◆ Your task:
Your answer must match, word for word, the lines from the one holding "Cm3_R (MaleCNS:70613)" through the final line below, with pictures excluded.

(Image-text web data)
::::

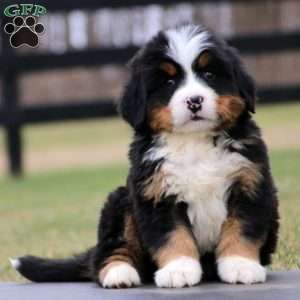 Burmese Mountain Dogs Puppy, Burmese Mountain Dog Puppy, Mini Bernese Mountain Dog, Burmese Mountain Dogs, Bernese Dog, Bernese Mountain Dog Puppy, Greenfield Puppies, Bernedoodle Puppy, St Bernard Dogs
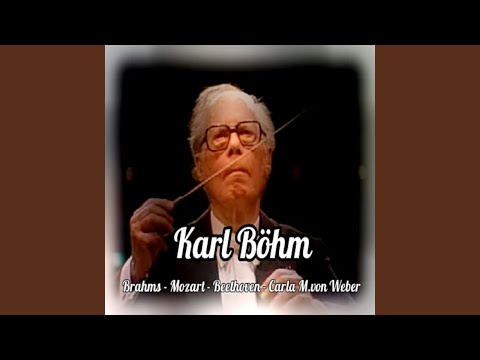 Ver Piano concerto No. 2 in B-Flat Major, Op. 83: I. Allegro non troppo en YouTube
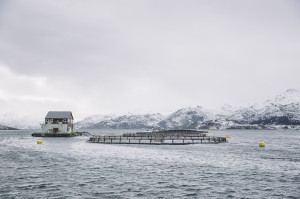 Lakseoppdrett. Foto: Marius Fiskum © Norges sjømatråd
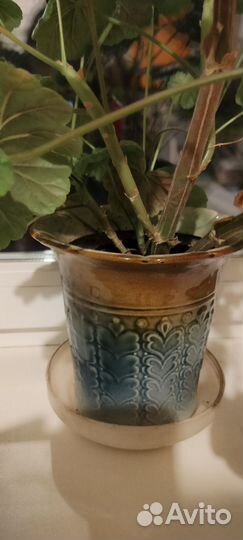 Горшок глиняный плюс герань в подарок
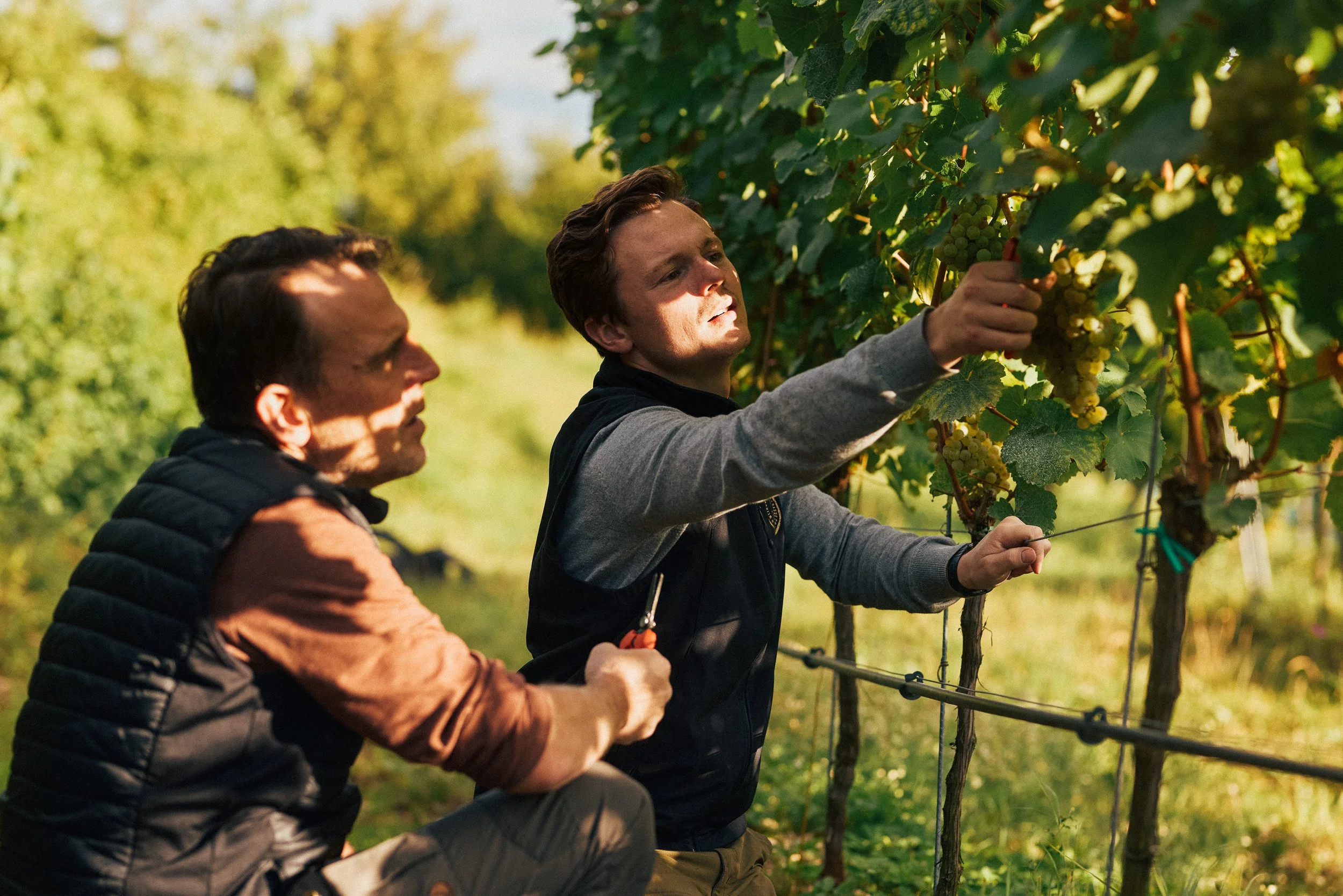 Zwei Männer ernten Wein in einem Weingarten.
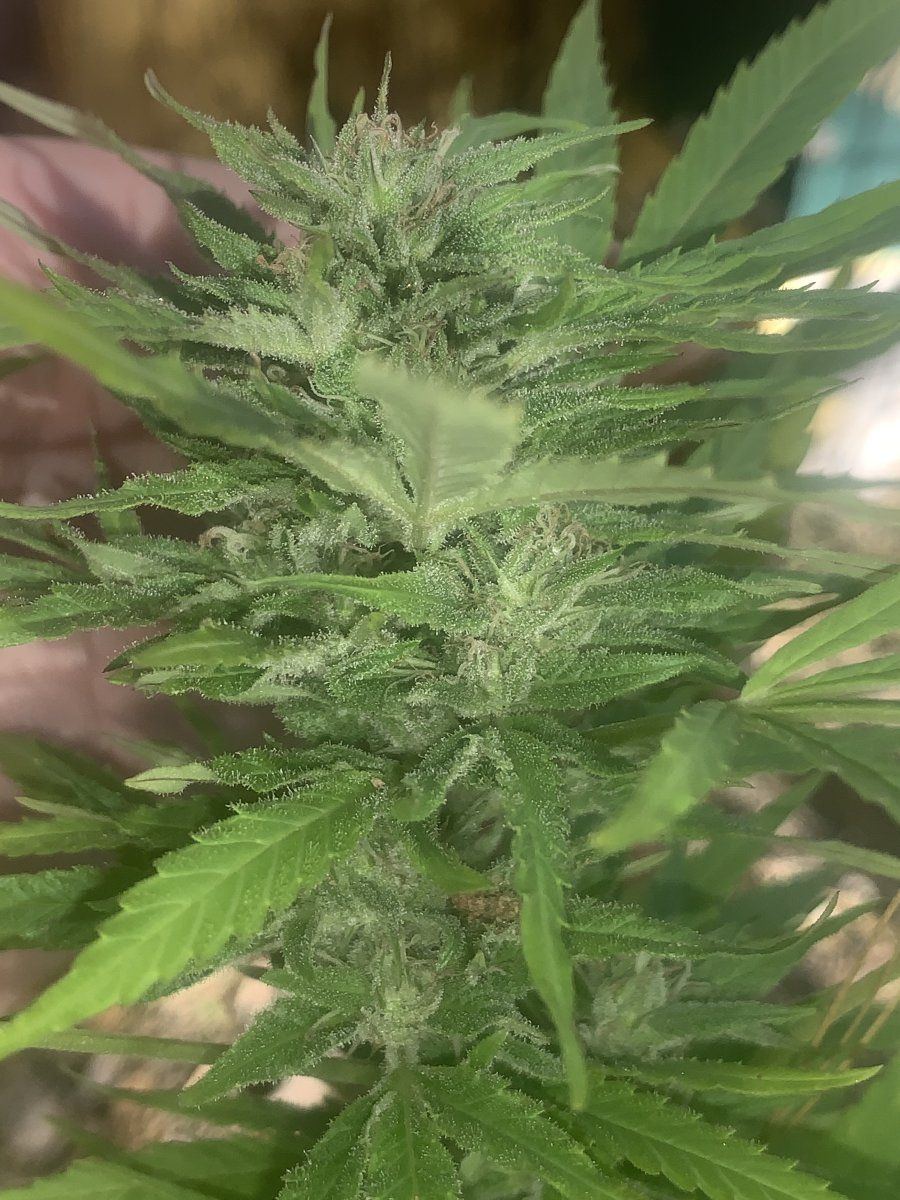 186CBD5D C64D 4F11 B254 69944D1FB449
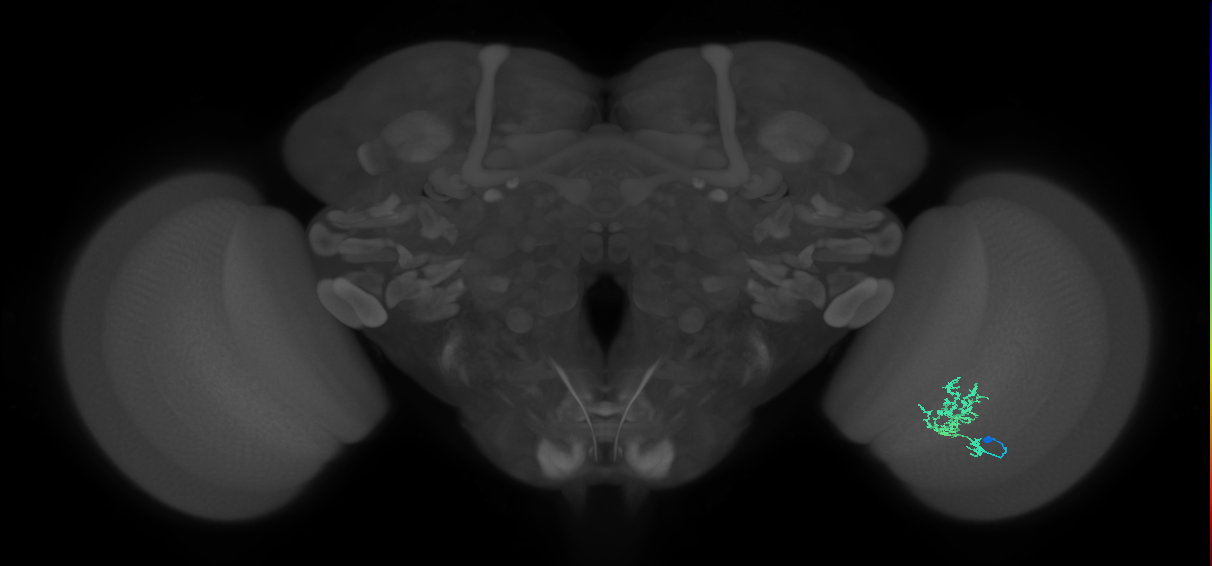 Cm3_R (MaleCNS:70613)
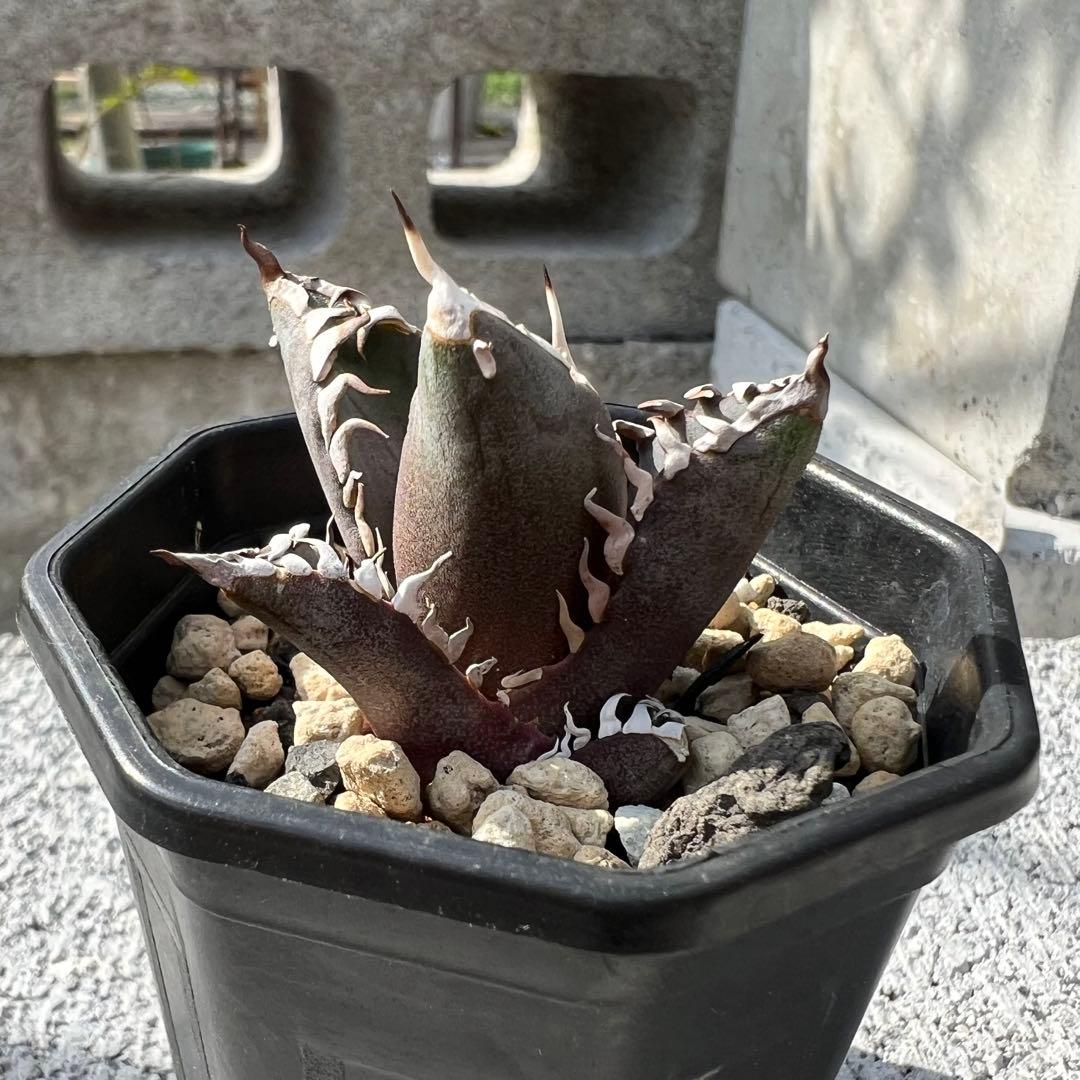 アガベ チタノタ レッドキャットウィーズル 地獄猫 - メルカリ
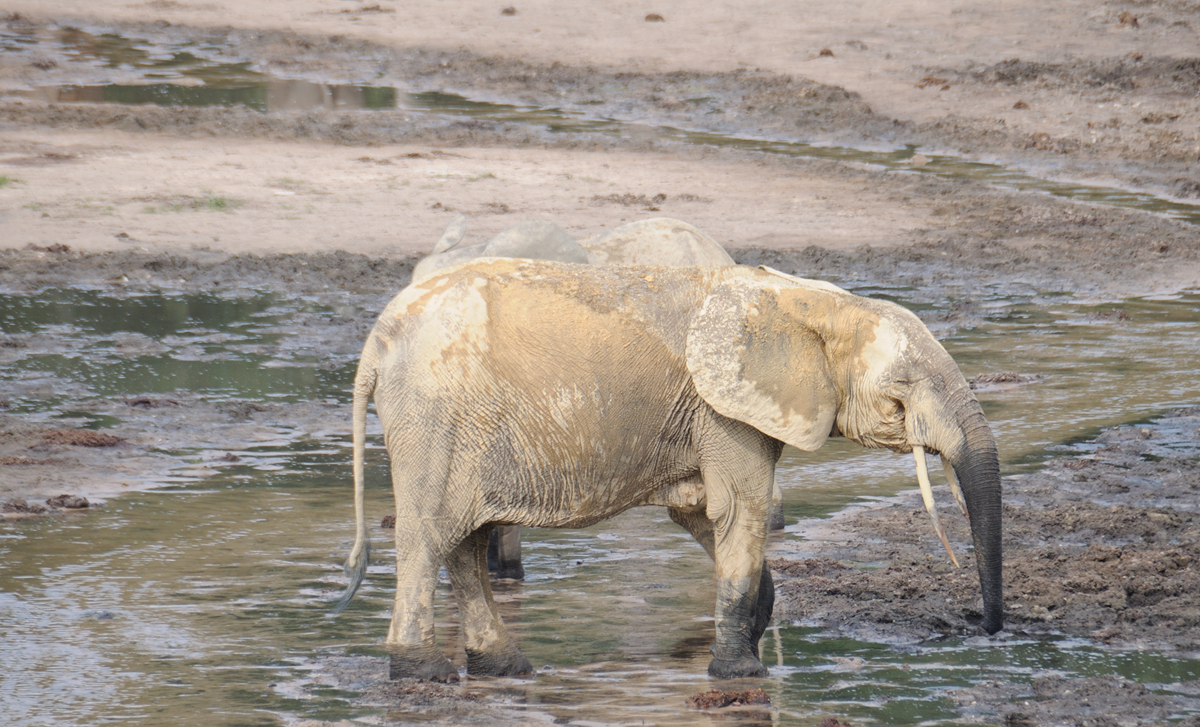 Two elephants stand close together at a muddy watering hole. One elephant is fully visible in the foreground, while the second elephant is partially hidden behind it.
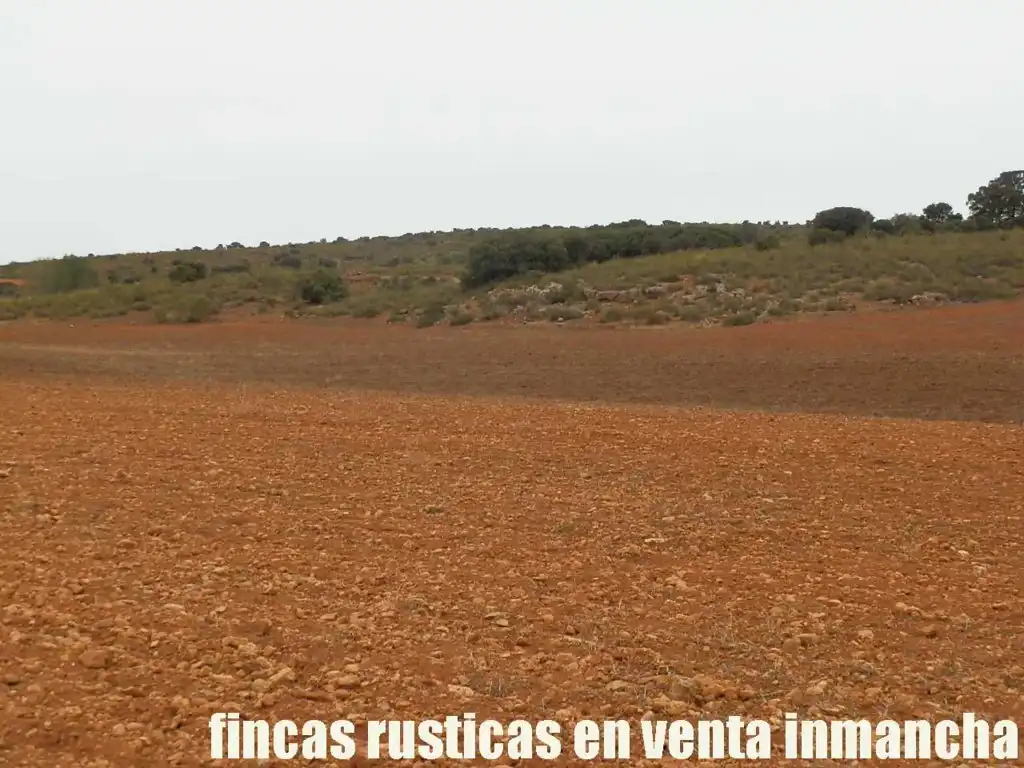 Terreny rústic en venda a Calle Albacete 10, imagen 12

::::

◆ Final answer:
 Cm3_R (MaleCNS:70613)
 アガベ チタノタ レッドキャットウィーズル 地獄猫 - メルカリ
 Two elephants stand close together at a muddy watering hole. One elephant is fully visible in the foreground, while the second elephant is partially hidden behind it.
 Terreny rústic en venda a Calle Albacete 10, imagen 12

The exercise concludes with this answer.